外乱バランス練習は、転倒リスクを減少させることを目的としていますが、トレーニング中に転倒するリスクも存在します。特に、外乱が予測できない性質であるため、常に患者の安全性を最優先に考える必要があります。

  • 安全対策:
    トレーニング中は、セラピストが患者の近くでサポートし、必要に応じてすぐに支えられる位置にいることが重要です。また、トレーニングエリアは滑りにくく、安全な床材を使用することが推奨されます。機器を使用する場合は、転倒防止用のハーネスや支持具を活用し、患者が外乱に対して安全に反応できる環境を整えることが求められます。
  • 個別化されたプログラム:
    患者ごとに異なるバランス能力や転倒リスクを考慮し、個別化されたプログラムを作成することが重要です。特に高齢者や慢性期の患者では、反応速度が低下しているため、外乱の強度を段階的に増加させる必要があります。また、患者が疲労している場合や体調不良のときには、トレーニングを無理に行わないことが推奨されます。

3. プログラムの評価とフィードバック

外乱バランス練習を継続的に行う場合、定期的な評価とフィードバックが重要です。Berg Balance Scale(BBS)やMini-Balance Evaluation Systems Test(Mini-BEST)などの標準的なバランス評価スケールを使用して、患者の進捗を客観的に評価します。これにより、トレーニングの効果を確認し、必要に応じてプログラムを調整することができます。

また、患者に対しては、トレーニング中のフィードバックを積極的に行い、バランス反応の改善点や成功体験を強調することでモチベーションを維持し、トレーニングの継続を促すことが大切です。


まとめ:明日からの実践に向けて

外乱バランス練習(PBT)は、脳卒中患者のバランス機能を改善し、転倒リスクを低減するための効果的なリハビリ手法です。特に、予測不可能な外乱に対するリアクティブバランス反応を強化することで、日常生活での転倒防止につながります。

研究によって示されているように、PBTは患者のバランス能力に中程度の効果をもたらし(Alayat et al., 2022)、特に急性期や回復期の患者には顕著な効果が期待されます。また、セラピストが明日からでも実践できるよう、手動での外乱トレーニングや機器を用いたトレーニングの導入方法についても具体的に説明しました。

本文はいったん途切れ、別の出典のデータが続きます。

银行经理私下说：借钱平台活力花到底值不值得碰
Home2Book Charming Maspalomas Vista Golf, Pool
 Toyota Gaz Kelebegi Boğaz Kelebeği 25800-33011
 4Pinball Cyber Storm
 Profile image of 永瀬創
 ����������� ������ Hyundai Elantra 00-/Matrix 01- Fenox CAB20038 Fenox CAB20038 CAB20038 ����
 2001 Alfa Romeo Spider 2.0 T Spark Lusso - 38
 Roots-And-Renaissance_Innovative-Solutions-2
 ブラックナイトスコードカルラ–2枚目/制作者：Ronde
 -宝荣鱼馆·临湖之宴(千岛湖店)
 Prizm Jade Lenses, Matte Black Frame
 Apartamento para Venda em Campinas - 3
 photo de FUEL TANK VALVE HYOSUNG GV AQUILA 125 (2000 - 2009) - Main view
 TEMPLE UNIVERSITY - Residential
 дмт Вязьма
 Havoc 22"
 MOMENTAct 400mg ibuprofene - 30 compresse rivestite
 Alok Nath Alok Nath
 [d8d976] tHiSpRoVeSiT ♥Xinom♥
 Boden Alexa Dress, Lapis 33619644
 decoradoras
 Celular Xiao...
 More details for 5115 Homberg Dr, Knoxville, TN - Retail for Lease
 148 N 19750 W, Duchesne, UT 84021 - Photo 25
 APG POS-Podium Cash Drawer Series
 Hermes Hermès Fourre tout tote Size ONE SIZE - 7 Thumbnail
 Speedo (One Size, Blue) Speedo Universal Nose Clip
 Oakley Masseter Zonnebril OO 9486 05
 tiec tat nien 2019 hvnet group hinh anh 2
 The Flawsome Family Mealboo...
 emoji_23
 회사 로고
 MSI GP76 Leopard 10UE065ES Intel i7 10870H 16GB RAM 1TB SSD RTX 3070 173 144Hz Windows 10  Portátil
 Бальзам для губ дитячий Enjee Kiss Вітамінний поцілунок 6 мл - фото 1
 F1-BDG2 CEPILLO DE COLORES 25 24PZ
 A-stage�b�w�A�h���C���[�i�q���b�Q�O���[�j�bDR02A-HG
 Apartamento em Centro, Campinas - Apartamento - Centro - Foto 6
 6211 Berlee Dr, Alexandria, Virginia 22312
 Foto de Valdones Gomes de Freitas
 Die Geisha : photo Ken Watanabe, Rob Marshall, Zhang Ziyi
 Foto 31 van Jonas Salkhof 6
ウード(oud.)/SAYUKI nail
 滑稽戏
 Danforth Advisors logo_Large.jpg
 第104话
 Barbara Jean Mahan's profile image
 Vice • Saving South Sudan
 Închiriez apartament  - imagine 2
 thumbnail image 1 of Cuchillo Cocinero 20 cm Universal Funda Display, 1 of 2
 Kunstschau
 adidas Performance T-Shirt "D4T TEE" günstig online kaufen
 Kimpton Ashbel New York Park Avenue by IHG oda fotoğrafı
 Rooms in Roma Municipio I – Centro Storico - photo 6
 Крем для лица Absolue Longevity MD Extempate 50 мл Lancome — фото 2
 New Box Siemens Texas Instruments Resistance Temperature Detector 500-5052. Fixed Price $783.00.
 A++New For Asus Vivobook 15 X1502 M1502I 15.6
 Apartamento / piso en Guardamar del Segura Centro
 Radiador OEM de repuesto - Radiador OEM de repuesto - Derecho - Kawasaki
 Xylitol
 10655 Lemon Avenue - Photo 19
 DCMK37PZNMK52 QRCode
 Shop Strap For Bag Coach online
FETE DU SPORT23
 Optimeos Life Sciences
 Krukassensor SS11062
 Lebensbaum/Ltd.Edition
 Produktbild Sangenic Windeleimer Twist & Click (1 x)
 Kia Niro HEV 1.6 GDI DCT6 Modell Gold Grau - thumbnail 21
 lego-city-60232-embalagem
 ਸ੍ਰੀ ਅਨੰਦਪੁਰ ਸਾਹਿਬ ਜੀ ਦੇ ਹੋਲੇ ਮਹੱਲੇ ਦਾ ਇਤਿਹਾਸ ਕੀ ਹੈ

しかし、全ての患者に適用する際には、リスク管理や個別化されたプログラムが重要です。患者のバランス能力や心理的側面を考慮しながら、安全かつ効果的なトレーニングを行うことが求められます。また、バランス自信の向上を目指す場合には、認知行動療法などの補助的なアプローチを併用することが望ましいでしょう。

明日から、臨床現場でこの外乱バランス練習を取り入れることで、脳卒中患者のバランス機能と生活の質の向上をサポートすることができます。是非、個々の患者に合わせた外乱バランス練習を活用し、転倒リスクの低減に役立ててください。